Yeah. The crime the law establishes is one perpetrated by the doctor. From Charley's link in 8:
Challengers also pointed out the risk to doctors who perform abortions in violation of the law: up to six months in jail and loss of their medical licenses.
That was the issue in Roe v. Wade, no? The criminality was put on the doctor (not that we'd want it put on the pregnant woman, either, and I don't think anyone has tried to go that route), so it infringes on his/her rights, on the doctor/patient relationship, and so on. I should read up on that -- it's been a while.
Just to follow up on that last. From the wikipedia article on Roe v.

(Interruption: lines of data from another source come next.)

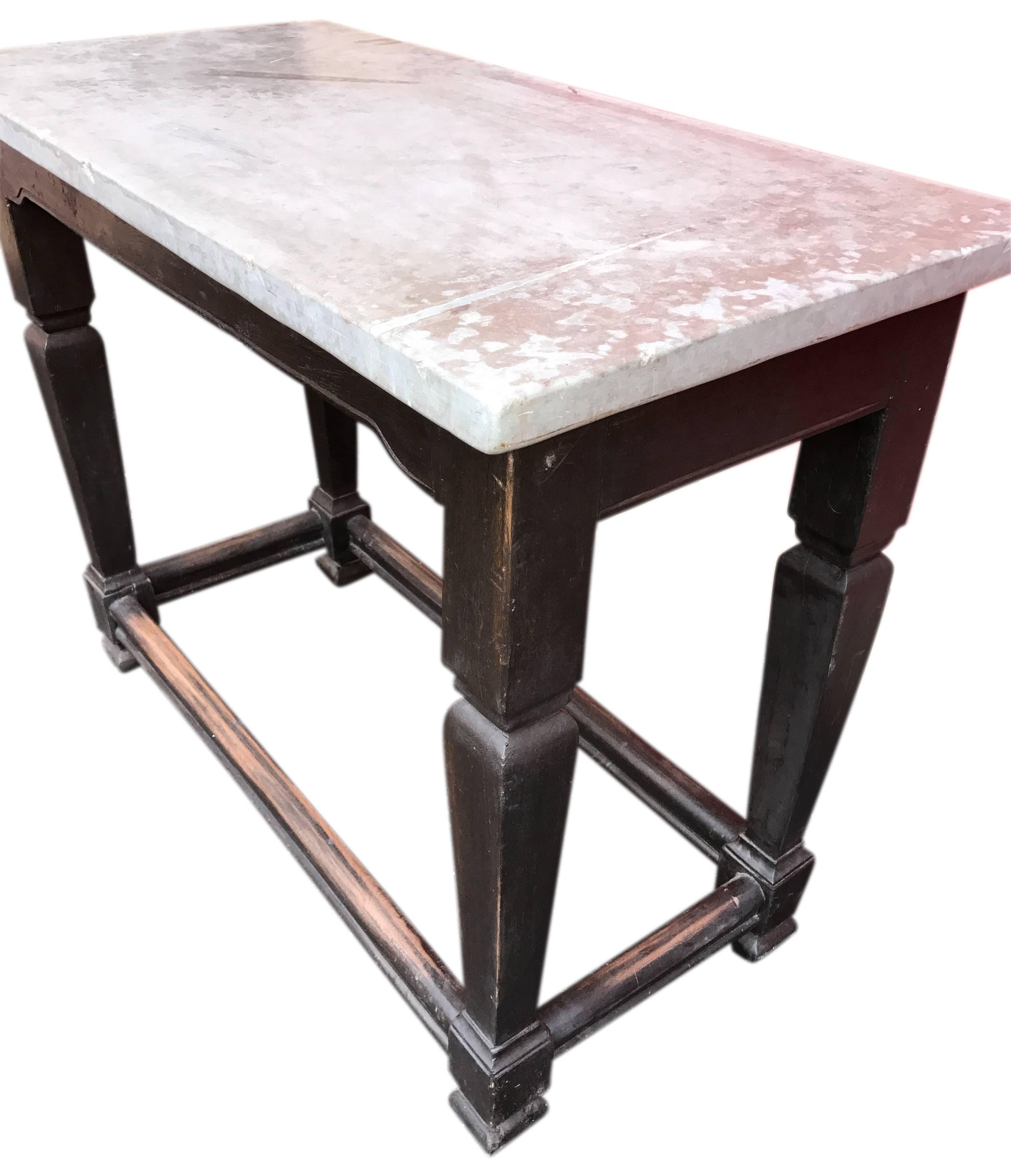 Antique Swedish Gustavian Stone Top Hall Table 2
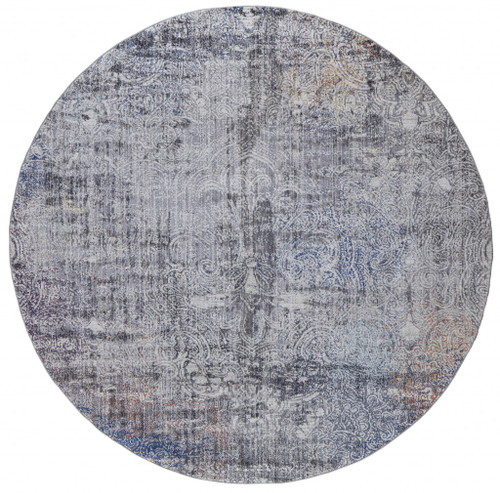 8' Taupe Blue And Ivory Round Abstract Power Loom Distressed Stain Resistant Area Rug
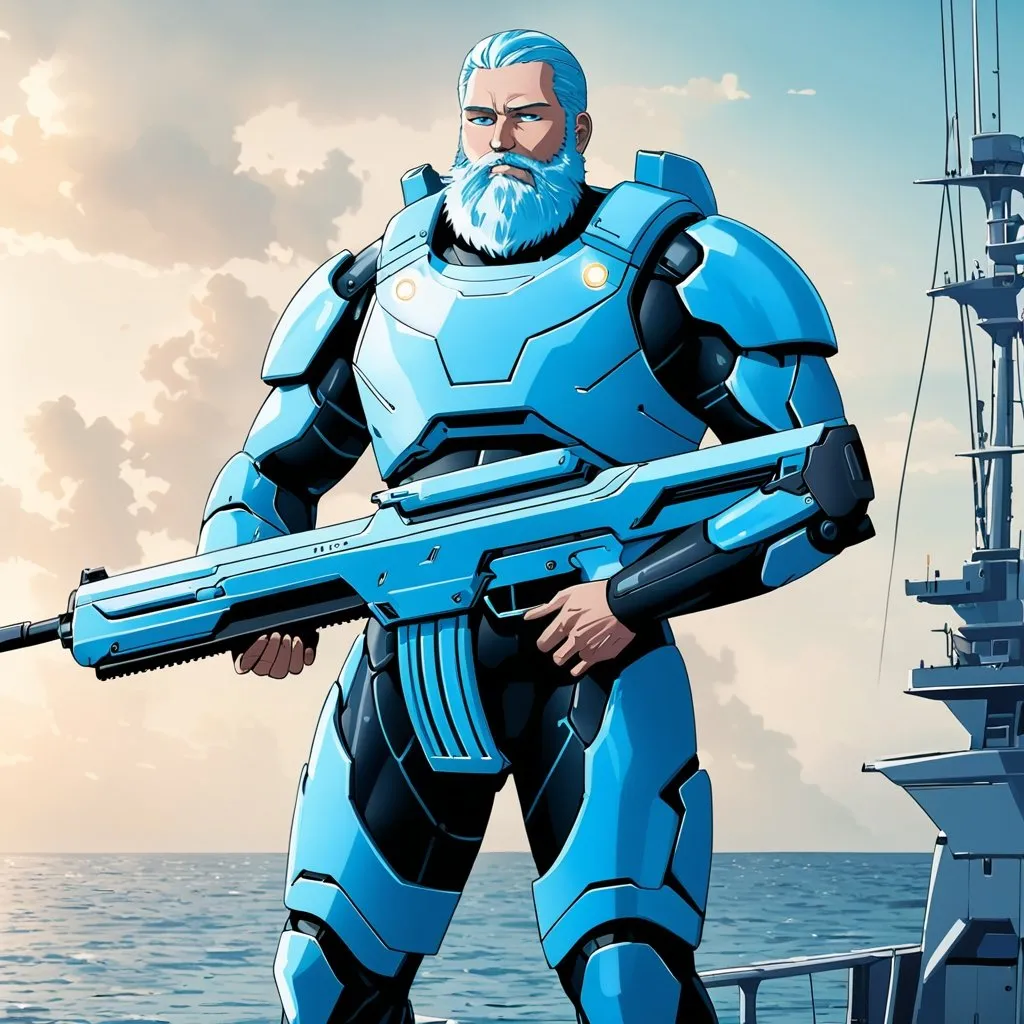 Prompt: Giant man with long light blue hair and beard wearing light blue body armour carrying futuristic rifle in nautical setting 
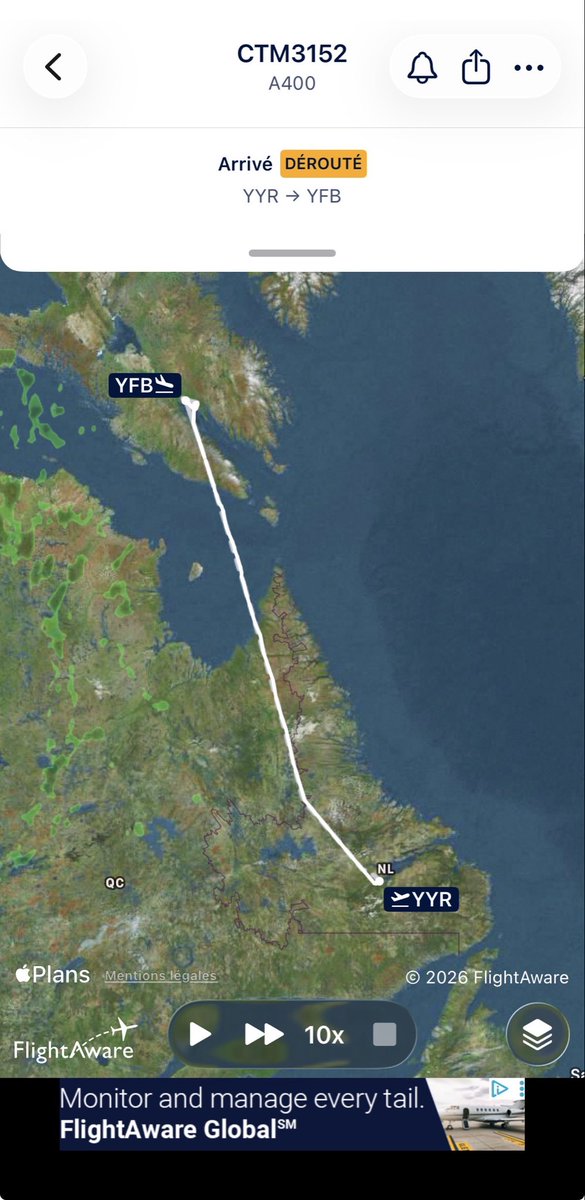 Th__Cuq's tweet photo. Après l’escale à Goose Bay la formation composée de l’A400M et de la PAF s’est posée à Iqualit 🇨🇦. Le Falcon 50 rejoint le dispositif avant de franchir l’Atlantique dans les heures qui viennent. La mission Liberté 250 aura été une réussite mémorable.🇫🇷🇺🇸 https://t.co/FPnbmzli9x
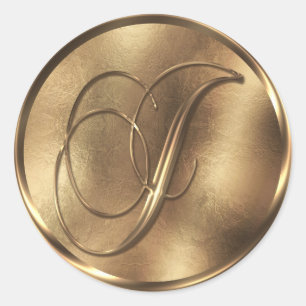 Monogram J Bronze Wedding Invitation Holiday Runder Aufkleber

Wade
The Court additionally added that the primary right being preserved in the Roe decision was that of the physician's right to practice medicine freely absent a compelling state interest - not women's rights in general.
Anti-abortion assholes may not know much about biology, but it wouldn't be surprising that they know enough to reword laws such that they shave off abortion eligibility in a sneaky way. All of the comments treating rights advocates as tricksy and Arizona anti-women legislators as sincere and medically sound strike me as, uh, misguided.